▸ **Requirement**: When you output the entries, begin with the first line and end with the line containing "Phòng ngừa sâu răng cho trẻ đúng cách", keeping each line exactly as it is.
=====
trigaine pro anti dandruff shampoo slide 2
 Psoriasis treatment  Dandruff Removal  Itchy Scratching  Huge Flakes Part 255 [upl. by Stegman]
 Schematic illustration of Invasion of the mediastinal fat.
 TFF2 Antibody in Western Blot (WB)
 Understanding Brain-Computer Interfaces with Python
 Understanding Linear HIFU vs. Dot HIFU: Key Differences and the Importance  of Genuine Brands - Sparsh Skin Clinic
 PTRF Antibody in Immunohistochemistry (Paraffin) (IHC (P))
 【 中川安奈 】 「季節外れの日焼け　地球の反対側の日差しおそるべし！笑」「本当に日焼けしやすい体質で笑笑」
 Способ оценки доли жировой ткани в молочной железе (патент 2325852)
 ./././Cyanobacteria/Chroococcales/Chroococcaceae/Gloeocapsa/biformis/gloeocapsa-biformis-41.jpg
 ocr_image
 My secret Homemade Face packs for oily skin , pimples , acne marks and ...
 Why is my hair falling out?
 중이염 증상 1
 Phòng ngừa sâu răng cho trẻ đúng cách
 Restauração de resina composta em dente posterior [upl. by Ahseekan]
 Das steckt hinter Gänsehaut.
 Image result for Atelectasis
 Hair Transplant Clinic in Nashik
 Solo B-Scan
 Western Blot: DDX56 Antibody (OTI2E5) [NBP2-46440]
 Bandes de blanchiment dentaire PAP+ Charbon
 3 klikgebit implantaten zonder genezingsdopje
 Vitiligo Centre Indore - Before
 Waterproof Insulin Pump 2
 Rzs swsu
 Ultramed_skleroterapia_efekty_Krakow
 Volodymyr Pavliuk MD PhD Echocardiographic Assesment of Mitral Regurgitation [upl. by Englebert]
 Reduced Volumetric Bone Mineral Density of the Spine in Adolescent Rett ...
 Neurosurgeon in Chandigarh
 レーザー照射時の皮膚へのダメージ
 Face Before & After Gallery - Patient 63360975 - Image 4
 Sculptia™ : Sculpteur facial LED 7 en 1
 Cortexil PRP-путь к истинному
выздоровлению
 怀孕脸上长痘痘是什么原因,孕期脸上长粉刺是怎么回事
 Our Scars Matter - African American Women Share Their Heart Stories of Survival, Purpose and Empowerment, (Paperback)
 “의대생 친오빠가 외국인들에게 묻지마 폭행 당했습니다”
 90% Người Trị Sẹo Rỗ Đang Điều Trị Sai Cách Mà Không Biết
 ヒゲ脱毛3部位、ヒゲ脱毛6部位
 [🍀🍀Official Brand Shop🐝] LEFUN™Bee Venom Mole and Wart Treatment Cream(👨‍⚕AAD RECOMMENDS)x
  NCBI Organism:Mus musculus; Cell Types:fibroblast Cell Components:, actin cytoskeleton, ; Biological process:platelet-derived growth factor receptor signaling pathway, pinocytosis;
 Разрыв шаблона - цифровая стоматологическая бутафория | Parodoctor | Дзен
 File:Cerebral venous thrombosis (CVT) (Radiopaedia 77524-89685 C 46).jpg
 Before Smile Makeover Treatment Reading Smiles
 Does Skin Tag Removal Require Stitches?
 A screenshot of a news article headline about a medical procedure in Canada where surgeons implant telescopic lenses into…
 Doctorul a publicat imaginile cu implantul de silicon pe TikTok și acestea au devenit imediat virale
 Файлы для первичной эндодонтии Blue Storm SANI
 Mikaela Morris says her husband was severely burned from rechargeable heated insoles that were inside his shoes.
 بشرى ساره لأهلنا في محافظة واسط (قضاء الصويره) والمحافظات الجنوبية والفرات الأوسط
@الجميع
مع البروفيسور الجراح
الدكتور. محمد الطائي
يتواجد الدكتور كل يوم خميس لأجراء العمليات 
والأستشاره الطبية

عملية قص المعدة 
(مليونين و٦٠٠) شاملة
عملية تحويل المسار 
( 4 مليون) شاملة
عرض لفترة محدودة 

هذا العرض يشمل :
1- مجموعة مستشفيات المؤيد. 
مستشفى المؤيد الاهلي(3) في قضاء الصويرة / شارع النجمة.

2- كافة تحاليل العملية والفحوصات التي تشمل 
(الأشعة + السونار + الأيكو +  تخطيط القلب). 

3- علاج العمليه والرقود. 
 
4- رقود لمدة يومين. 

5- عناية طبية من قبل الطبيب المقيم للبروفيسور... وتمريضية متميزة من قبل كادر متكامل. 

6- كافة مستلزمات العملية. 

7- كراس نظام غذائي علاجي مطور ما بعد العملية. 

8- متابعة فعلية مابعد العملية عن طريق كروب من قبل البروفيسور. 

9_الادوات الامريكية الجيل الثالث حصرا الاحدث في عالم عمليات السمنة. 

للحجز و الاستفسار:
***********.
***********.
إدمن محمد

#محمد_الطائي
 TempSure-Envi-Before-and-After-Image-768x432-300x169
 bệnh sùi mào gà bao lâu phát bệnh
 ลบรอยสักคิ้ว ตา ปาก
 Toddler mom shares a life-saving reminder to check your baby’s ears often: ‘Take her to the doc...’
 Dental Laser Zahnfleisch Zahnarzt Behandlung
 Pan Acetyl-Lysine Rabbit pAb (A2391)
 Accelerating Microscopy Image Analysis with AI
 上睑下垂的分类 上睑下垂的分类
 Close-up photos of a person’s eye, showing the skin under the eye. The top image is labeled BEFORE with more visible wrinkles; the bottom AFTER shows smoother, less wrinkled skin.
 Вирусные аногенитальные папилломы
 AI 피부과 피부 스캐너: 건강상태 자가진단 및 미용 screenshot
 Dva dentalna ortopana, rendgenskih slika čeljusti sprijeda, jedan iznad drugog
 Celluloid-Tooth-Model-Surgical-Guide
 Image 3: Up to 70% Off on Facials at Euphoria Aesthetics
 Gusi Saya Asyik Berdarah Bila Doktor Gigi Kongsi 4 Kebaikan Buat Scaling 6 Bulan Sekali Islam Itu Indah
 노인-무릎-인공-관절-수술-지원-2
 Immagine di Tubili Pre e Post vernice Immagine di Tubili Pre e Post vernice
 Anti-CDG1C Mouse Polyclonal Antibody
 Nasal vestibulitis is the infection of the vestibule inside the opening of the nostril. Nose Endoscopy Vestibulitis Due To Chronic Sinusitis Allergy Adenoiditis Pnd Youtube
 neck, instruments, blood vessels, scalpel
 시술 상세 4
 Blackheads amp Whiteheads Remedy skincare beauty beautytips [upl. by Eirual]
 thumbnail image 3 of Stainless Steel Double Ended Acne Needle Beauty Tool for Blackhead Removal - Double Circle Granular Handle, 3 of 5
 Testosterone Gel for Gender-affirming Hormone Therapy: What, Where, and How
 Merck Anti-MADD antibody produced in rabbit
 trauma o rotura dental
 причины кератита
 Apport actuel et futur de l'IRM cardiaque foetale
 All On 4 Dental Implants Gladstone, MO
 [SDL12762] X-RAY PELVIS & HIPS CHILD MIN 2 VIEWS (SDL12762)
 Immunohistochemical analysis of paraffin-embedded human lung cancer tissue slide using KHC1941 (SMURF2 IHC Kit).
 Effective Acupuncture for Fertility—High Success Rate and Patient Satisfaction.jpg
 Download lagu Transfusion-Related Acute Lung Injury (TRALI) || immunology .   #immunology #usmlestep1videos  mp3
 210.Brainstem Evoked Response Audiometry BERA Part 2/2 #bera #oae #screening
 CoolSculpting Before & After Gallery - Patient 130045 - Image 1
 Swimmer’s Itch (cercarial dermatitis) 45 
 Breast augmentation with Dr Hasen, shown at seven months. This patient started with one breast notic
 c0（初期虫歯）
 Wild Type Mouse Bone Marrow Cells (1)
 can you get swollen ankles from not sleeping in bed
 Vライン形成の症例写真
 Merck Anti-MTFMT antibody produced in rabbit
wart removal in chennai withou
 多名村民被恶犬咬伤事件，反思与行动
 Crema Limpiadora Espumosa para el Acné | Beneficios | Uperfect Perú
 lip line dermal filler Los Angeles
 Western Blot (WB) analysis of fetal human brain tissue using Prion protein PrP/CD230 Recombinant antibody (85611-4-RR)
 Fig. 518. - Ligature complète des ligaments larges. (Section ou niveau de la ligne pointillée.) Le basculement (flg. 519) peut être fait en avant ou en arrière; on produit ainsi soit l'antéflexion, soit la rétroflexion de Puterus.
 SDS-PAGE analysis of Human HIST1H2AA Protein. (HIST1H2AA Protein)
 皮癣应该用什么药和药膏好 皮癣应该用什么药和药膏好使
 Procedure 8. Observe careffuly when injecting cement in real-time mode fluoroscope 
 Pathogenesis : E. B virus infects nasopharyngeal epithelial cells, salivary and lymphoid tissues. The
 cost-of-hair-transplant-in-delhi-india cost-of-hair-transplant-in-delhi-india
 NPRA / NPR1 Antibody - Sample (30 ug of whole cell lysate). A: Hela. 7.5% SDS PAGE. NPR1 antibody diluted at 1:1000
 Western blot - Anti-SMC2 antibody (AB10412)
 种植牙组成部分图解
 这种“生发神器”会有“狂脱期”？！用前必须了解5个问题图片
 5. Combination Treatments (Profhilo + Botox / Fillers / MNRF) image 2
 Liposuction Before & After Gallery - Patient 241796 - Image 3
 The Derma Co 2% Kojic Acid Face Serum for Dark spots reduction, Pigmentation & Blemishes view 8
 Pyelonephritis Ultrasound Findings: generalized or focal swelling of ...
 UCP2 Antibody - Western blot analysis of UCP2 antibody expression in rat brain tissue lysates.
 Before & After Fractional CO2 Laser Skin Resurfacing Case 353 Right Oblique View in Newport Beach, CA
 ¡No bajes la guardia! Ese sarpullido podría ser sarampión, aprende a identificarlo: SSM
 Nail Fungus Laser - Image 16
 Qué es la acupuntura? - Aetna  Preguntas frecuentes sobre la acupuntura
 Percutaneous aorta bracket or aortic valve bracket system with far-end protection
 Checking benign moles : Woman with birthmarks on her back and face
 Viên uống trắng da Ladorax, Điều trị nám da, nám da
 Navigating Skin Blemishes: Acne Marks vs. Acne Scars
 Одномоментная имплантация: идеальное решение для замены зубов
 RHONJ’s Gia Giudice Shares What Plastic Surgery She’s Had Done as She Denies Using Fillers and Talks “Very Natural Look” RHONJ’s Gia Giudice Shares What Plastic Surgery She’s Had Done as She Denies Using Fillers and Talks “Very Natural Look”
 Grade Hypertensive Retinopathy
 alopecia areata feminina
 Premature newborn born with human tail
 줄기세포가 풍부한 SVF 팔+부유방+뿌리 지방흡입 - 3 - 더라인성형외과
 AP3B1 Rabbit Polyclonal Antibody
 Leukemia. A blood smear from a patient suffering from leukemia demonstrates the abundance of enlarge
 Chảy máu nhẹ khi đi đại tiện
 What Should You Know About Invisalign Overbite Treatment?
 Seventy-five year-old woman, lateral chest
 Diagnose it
=====
▸ **Task answer**:
trigaine pro anti dandruff shampoo slide 2
 Psoriasis treatment  Dandruff Removal  Itchy Scratching  Huge Flakes Part 255 [upl. by Stegman]
 Schematic illustration of Invasion of the mediastinal fat.
 TFF2 Antibody in Western Blot (WB)
 Understanding Brain-Computer Interfaces with Python
 Understanding Linear HIFU vs. Dot HIFU: Key Differences and the Importance  of Genuine Brands - Sparsh Skin Clinic
 PTRF Antibody in Immunohistochemistry (Paraffin) (IHC (P))
 【 中川安奈 】 「季節外れの日焼け　地球の反対側の日差しおそるべし！笑」「本当に日焼けしやすい体質で笑笑」
 Способ оценки доли жировой ткани в молочной железе (патент 2325852)
 ./././Cyanobacteria/Chroococcales/Chroococcaceae/Gloeocapsa/biformis/gloeocapsa-biformis-41.jpg
 ocr_image
 My secret Homemade Face packs for oily skin , pimples , acne marks and ...
 Why is my hair falling out?
 중이염 증상 1
 Phòng ngừa sâu răng cho trẻ đúng cách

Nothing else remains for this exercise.